Before the server is attached to the network and powered up, the STARTUP.CMD file should be renamed to prevent any server services starting. This procedure is outlined in Section 6.9.1 Installing OS/2 Warp Server for e-business.
The new system can be attached to the network and started with a different workstation name. Since the new name is not known to the domain controller, it must first be defined.
Decide on a unique new name for the server to be known as on the network when started. In this example, the replacement file server is called \\FS11. We add the server as a User ID in the domain, and then add this User ID to the group SERVERS. Logged on as an administrator, we remotely issue the following commands:
NET ADMIN \\DC02 /C NET USER FS11 /ADD /PASSWORDREQ:NO
then press Enter. Then,
NET ADMIN \\DC02 /C NET GROUP SERVERS FS11 /ADD
then press Enter.
The new domain controller is \\DC02.
Now, on the new file server, the LAN requester service can be started using the /CO: parameter as follows:
NET START REQ /CO:FS11
then press Enter
where FS11 represents the unique NetBIOS name by which the workstation is known on the network.
The server service can then be started on the file server.
NET START SERVER
then press Enter.
In this scenario, the new file server \\FS01 now exists under the
name FS11 on the same network as the original file server
(\\FS01) for the purposes of restoring data even though the entry in
IBMLAN.INI states that it is FS01.
Figure 124: Introducing the File Server to the Network
Now that the server \\FS11 has been defined to the domain, it receives updates to the master User and Group accounts file, NET.ACC.
In a high volume, dynamic data environment, this approach helps to speed up the data restoration process. This is due to the fact that the new server can be installed and data restored while the original server is still running in production.
Once the new server \\FS11 is attached to the network, data can be copied to it from the existing file server. The decision on what method to employ to transfer this data rests with administrator performing the migration.
The data transfer can be achieved in a number of ways. We discuss some of
the possibilities in this section. When deciding which method to deploy to move
the data, consideration should be given to convenience, the ease of
implementation, and speed of data recovery. Business pressure will probably
dictate what is required.
Figure 125: Transferring Data
XCOPY is supplied natively with OS/2 Warp Server for e-business. It is a functionally rich program. In situations where data is very dynamic, or there is a large volume of it, XCOPY can be a little slow.
In our experience, average data throughput over Token Ring using XCOPY is around 12 MB per minute. If an XCOPY process is interrupted, the command needs to be restarted. For large data volumes, it can take a long time to complete.
The syntax for XCOPY is
XCOPY [drive:][path] filename [drive:][path] filename [/D:date]
[/S][/E][/P][/V][/A or /M][/H][/T][/R][/O][/F]
XCOPY is a widely used, very reliable program. However, in a migration scenario, we have found quicker and more convenient programs that achieve the same result. These alternatives are CCP and WREPL, discussed in Section 6.11.5.6 CCP Copy and Section 6.11.5.7 WREPL.
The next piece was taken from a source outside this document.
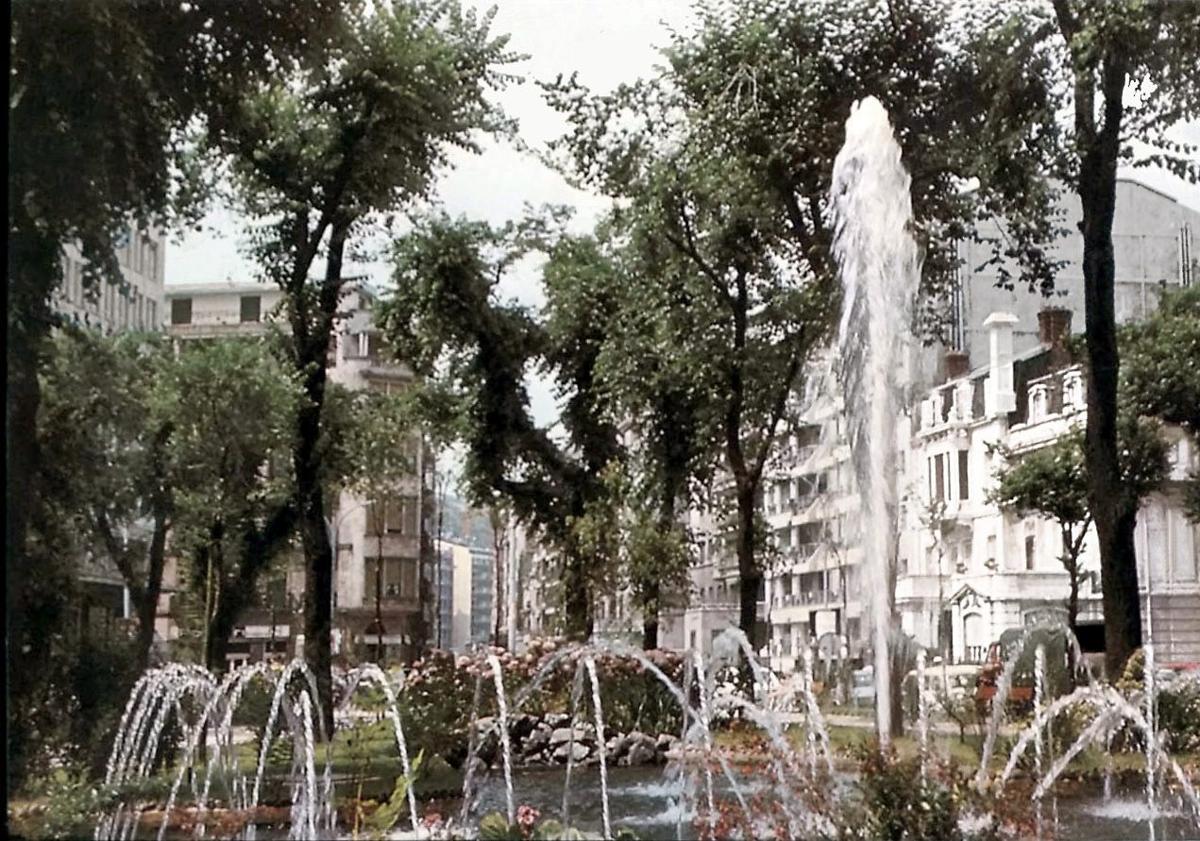 Imagen principal - Estanque y fuente de la plaza de Zaragoza, el año de su inauguración. Debajo, escultura 'La Voz' de B. Baschet y K. Merino y palmeras del género Butia, especímenes de gran valor y muy escasos en los jardines de Gipuzkoa.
The award-winning ADSM family of software products is a comprehensive, Enterprise-wide solution integrating unattended network backup and archive with storage management and powerful disaster recovery.
Using ADSM, we have found that the average throughput of data transfer over Token Ring is approximately 12 - 20 MB per minute (your ADSM environment will obviously vary). In a migration scenario, a full or incremental ADSM backup taken on the original system prior to migrating can be restored to the replacement system once that system is present on the network.
Where this approach differs from a straightforward XCOPY is that the ADSM client code must be installed on the new system with any co-requisite software (such as TCP/IP or communications software) to facilitate the restoration.
It is also important to consider the identity of the systems on the network. While it is technically possible to force a restoration of data onto a system other than that from which the data was originally backed up, there is an implication on how the new system must be known on the network.
If the restoration occurs while both systems are attached to the network, their identities should be unique in order to avoid TCP/IP or communications conflicts between the two systems.
If the restoration occurs when only one system is on the network (the new one), then a conflict does not occur.
We do not discuss ADSM in detail in this redbook. If you are already familiar with ADSM, you should consider how you can integrate it into your migration plan. If are not familiar with it, and you want to know more, refer to the redbook titled Using ADSM to Back Up OS/2 LAN Server and Warp Server, SG24-4682, or also look on the World Wide Web at the following address:
http://www.storage.ibm.com/software/adsm/adsmhome.htm
Available in OS/2 Warp Server, Version 4, PSnS has an excellent GUI interface for defining backup and restore procedures. PSnS, Version 6.01, included in OS/2 Warp Server for e-business, contains new function as described in Section 1.3.9 Backup and Recovery Services. Normally, when executing backup and restore, these functions are done with the same version of the backup and restore software. However, Version 6.01 was written specifically to support backup sets taken with previous versions of the software. This may or may not be true for other backup software packages.
There are numerous tape backup systems on the market, and newer, removable backup media, such as optical drives and CD-ROMs, are becoming popular.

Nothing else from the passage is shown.